> Records for this exercise
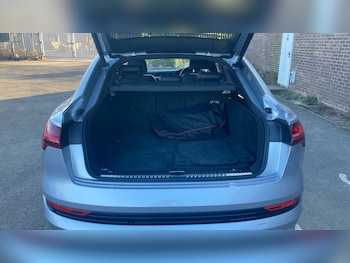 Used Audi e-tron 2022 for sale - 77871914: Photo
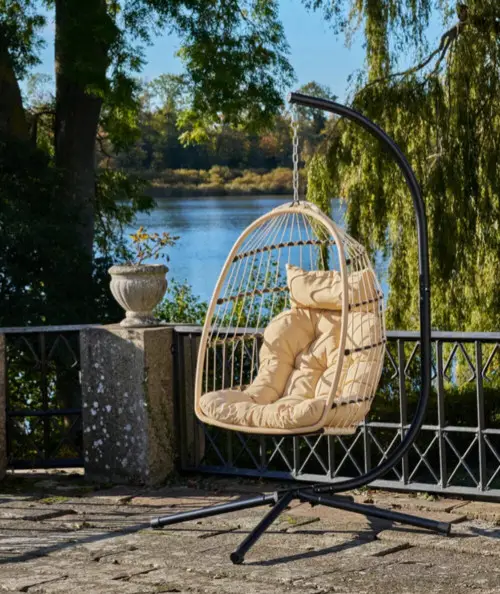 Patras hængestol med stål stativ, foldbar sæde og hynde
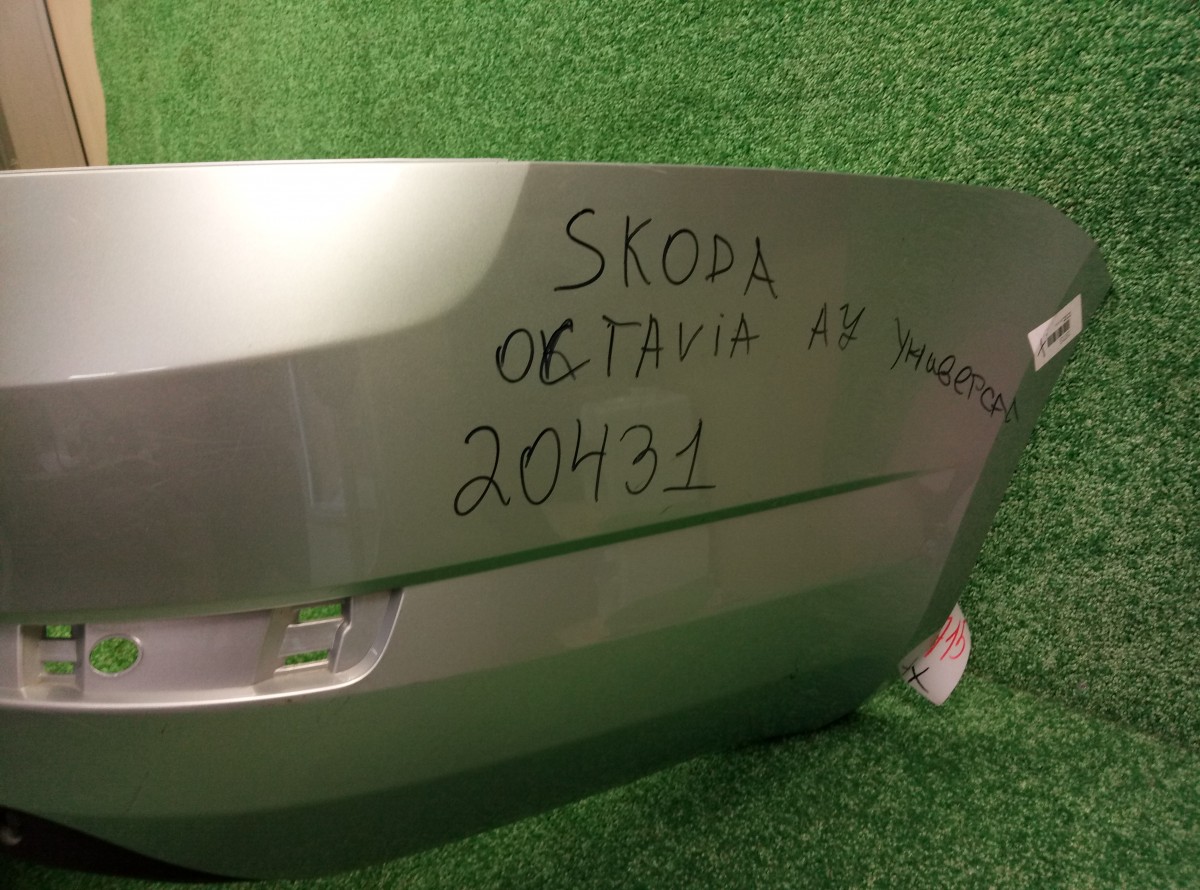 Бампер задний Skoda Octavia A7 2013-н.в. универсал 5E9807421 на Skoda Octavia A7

* * *

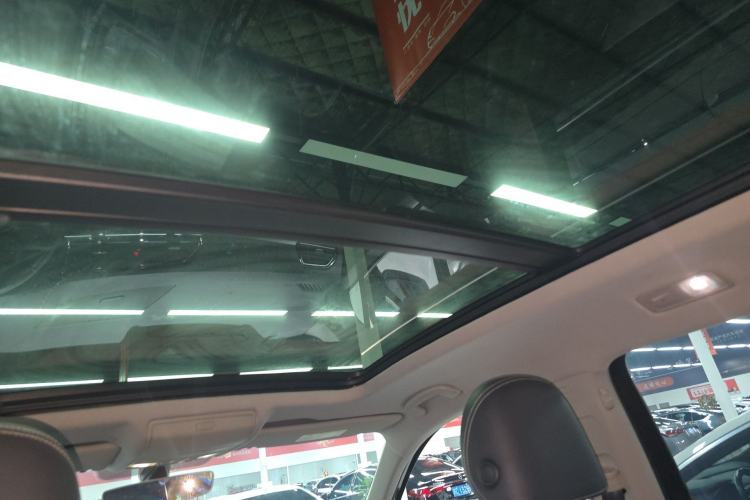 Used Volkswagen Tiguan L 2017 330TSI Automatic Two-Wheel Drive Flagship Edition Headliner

> Instructions to follow
Transcribe only the lines above that start at the line containing "Used Audi e-tron" and end at the line containing "Бампер задний Skoda". Omit pictures.

> Reply
 Used Audi e-tron 2022 for sale - 77871914: Photo
 Patras hængestol med stål stativ, foldbar sæde og hynde
 Бампер задний Skoda Octavia A7 2013-н.в. универсал 5E9807421 на Skoda Octavia A7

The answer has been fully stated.